• **DATA**
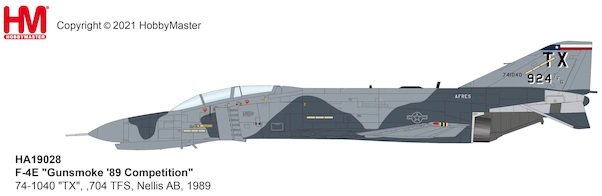 McDonnell Douglas F4E Phantom II - USAF 1989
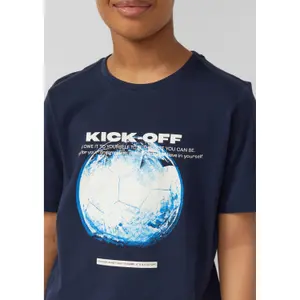 T-shirt med tryk foran lige pasform barn s.Oliver image-5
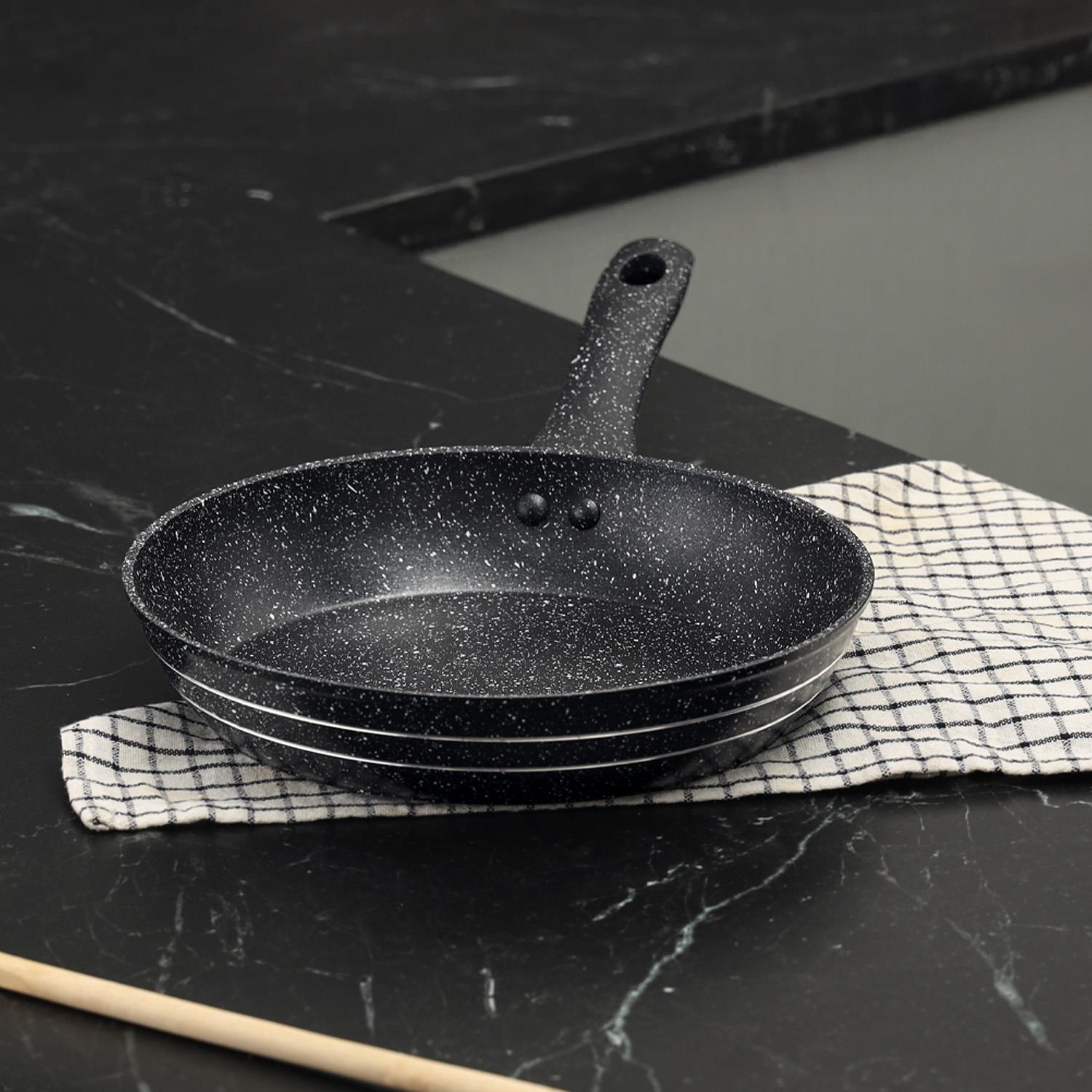 24cm Non Stick Frying Pan Granite Coated Saute Frypan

• **WHAT YOU WILL DO**
Leaving the pictures out, output each line of the listing exactly.

• **COMPLETED EXERCISE**
 McDonnell Douglas F4E Phantom II - USAF 1989
 T-shirt med tryk foran lige pasform barn s.Oliver image-5
 24cm Non Stick Frying Pan Granite Coated Saute Frypan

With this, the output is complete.